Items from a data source
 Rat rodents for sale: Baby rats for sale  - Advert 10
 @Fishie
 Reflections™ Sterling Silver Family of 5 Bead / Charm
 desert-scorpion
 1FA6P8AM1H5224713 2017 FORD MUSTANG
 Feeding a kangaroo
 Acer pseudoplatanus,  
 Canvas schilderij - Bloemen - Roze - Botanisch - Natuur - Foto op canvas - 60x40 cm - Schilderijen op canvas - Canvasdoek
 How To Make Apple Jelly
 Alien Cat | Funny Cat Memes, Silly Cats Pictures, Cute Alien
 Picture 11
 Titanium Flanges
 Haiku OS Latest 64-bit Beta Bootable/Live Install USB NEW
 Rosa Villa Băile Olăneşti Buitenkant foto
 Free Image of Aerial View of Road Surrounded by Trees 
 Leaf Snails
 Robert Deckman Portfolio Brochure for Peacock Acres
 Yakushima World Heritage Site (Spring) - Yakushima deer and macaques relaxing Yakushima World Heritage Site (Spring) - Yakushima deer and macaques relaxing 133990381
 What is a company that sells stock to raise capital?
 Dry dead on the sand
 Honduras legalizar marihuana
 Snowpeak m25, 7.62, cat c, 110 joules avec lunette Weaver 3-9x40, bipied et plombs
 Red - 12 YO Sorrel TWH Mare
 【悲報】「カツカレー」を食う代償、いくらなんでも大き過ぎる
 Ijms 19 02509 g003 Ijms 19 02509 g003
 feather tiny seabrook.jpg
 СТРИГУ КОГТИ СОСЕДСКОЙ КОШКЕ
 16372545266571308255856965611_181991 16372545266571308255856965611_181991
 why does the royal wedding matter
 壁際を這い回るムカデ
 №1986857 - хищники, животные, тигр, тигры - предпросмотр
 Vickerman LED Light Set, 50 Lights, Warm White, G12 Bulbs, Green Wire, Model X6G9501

### [Task details]
In the records above, find the line containing "Ijms 19 02509 g003 Ijms 19 02509 g003" and restate word for word every line from the first through that one.

### [Written solution]
 Rat rodents for sale: Baby rats for sale  - Advert 10
 @Fishie
 Reflections™ Sterling Silver Family of 5 Bead / Charm
 desert-scorpion
 1FA6P8AM1H5224713 2017 FORD MUSTANG
 Feeding a kangaroo
 Acer pseudoplatanus,  
 Canvas schilderij - Bloemen - Roze - Botanisch - Natuur - Foto op canvas - 60x40 cm - Schilderijen op canvas - Canvasdoek
 How To Make Apple Jelly
 Alien Cat | Funny Cat Memes, Silly Cats Pictures, Cute Alien
 Picture 11
 Titanium Flanges
 Haiku OS Latest 64-bit Beta Bootable/Live Install USB NEW
 Rosa Villa Băile Olăneşti Buitenkant foto
 Free Image of Aerial View of Road Surrounded by Trees 
 Leaf Snails
 Robert Deckman Portfolio Brochure for Peacock Acres
 Yakushima World Heritage Site (Spring) - Yakushima deer and macaques relaxing Yakushima World Heritage Site (Spring) - Yakushima deer and macaques relaxing 133990381
 What is a company that sells stock to raise capital?
 Dry dead on the sand
 Honduras legalizar marihuana
 Snowpeak m25, 7.62, cat c, 110 joules avec lunette Weaver 3-9x40, bipied et plombs
 Red - 12 YO Sorrel TWH Mare
 【悲報】「カツカレー」を食う代償、いくらなんでも大き過ぎる
 Ijms 19 02509 g003 Ijms 19 02509 g003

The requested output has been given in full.